Tectonics
The figure on the right presents a standard reconstruction of Gondwana, adapted from DeWit et al. (1988), Golonka et al. (1994) and Lawver et al. (1999). The truncated icosahedron comprises a semi-regular polyhedron made up of 12 pentagonal and 20 hexagonal faces. The pentagonal faces are centered on the vertices of an icosahedron. The tessellation is geometrically intolerant, i.e., a single pentagon fixes the entire configuration. Projected onto the Earth’s surface, each tile-edge of a truncated icosahedron subtends 23.28° of arc, or approximately 2600 km.

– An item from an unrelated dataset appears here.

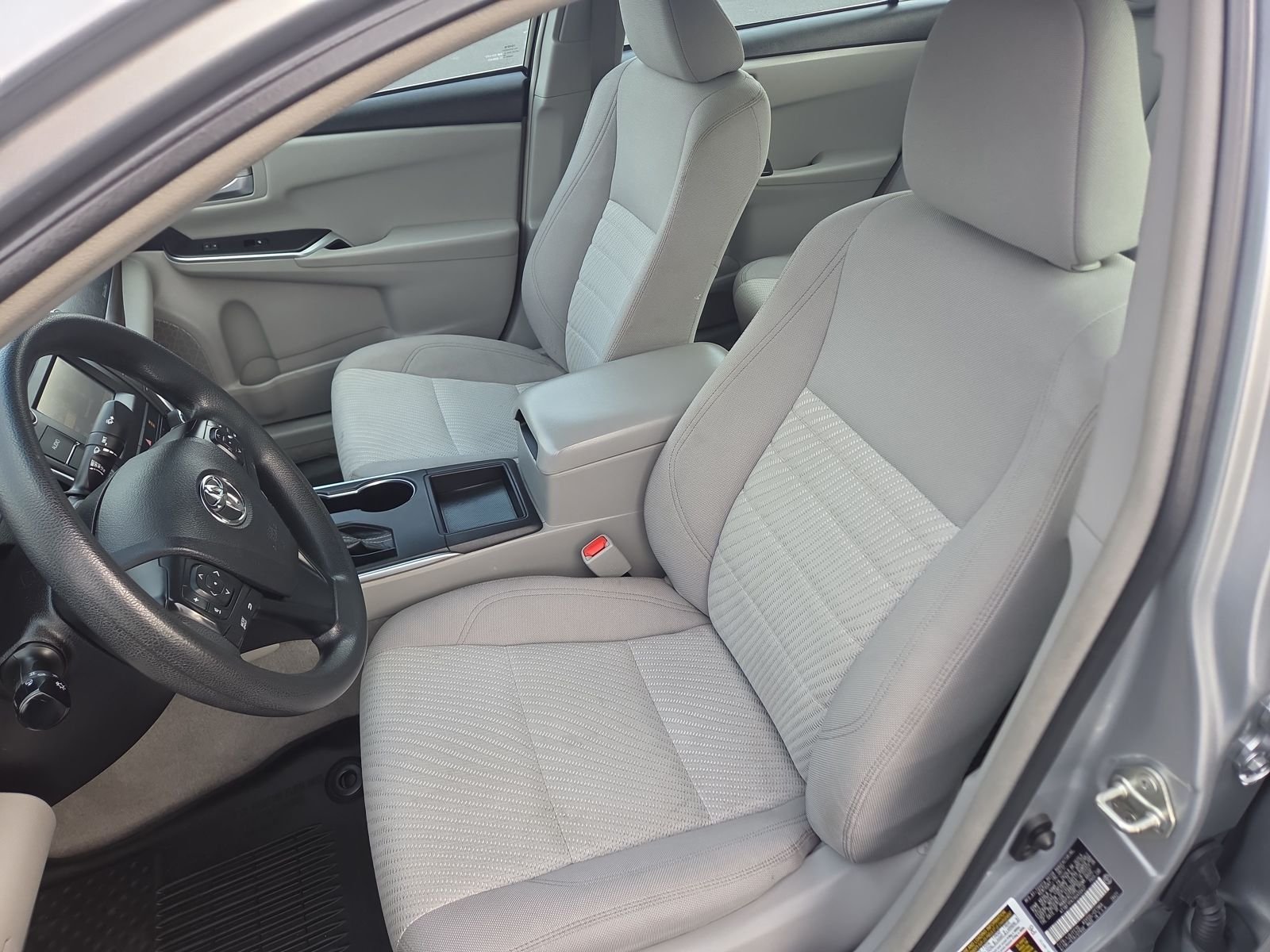 2017 Toyota Camry LE - Photo 46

The Gondwanan tessellation included all or parts of three pentagons and six hexagons of the exact scale and arrangement of a truncated icosahedron at the Earth’s surface. One measure of this congruence is that the distance between the centers of the Antarctic and Central South American pentagons on the reconstruction exactly equals that between icosahedral vertices (60° or about 6600 km at Earth-scale).

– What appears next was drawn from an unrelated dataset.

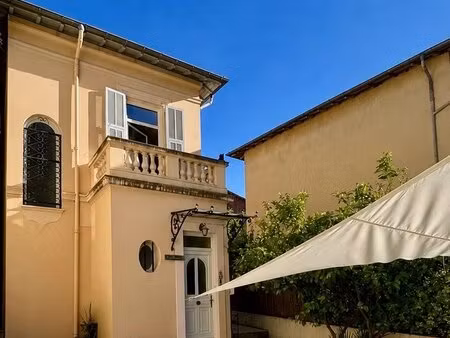maison de ville avec terrasse / le ray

The Gondwanan fractures were tensional cracks. Each fracture thus propagated orthogonally to the local horizontal principal tensile stress. Construction of the principal tensile stress direction at the midpoint of each fracture generates the icosadeltahedron, the dual polyhedron of the truncated icosahedron .

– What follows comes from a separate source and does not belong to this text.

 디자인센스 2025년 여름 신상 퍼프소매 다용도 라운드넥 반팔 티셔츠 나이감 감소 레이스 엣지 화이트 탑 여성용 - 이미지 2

The edges of Gondwana appear to have acted as free surfaces that organized the stress tessellation. Six edges of the stress tessellation coincided with the northern rim of Gondwana and parts of the Gondwanides trench margin.On the figure, heavy dashed lines are major fractures that define truncated icosahedral tessellation. Black pentagons at centers of central South America, Antarctica, and Arabia occupy vertices of exact icosahedral triangle (purple) at Earth-scale. Yellow stars are major hot spot volcanoes in modern co-ordinates (note lines of latitude and longitude). Gondwana is restored so that fracture tessellation best fits hot spot tessellation. Red areas are LIPs (Large Igneous Provinces) with eruption dates shown.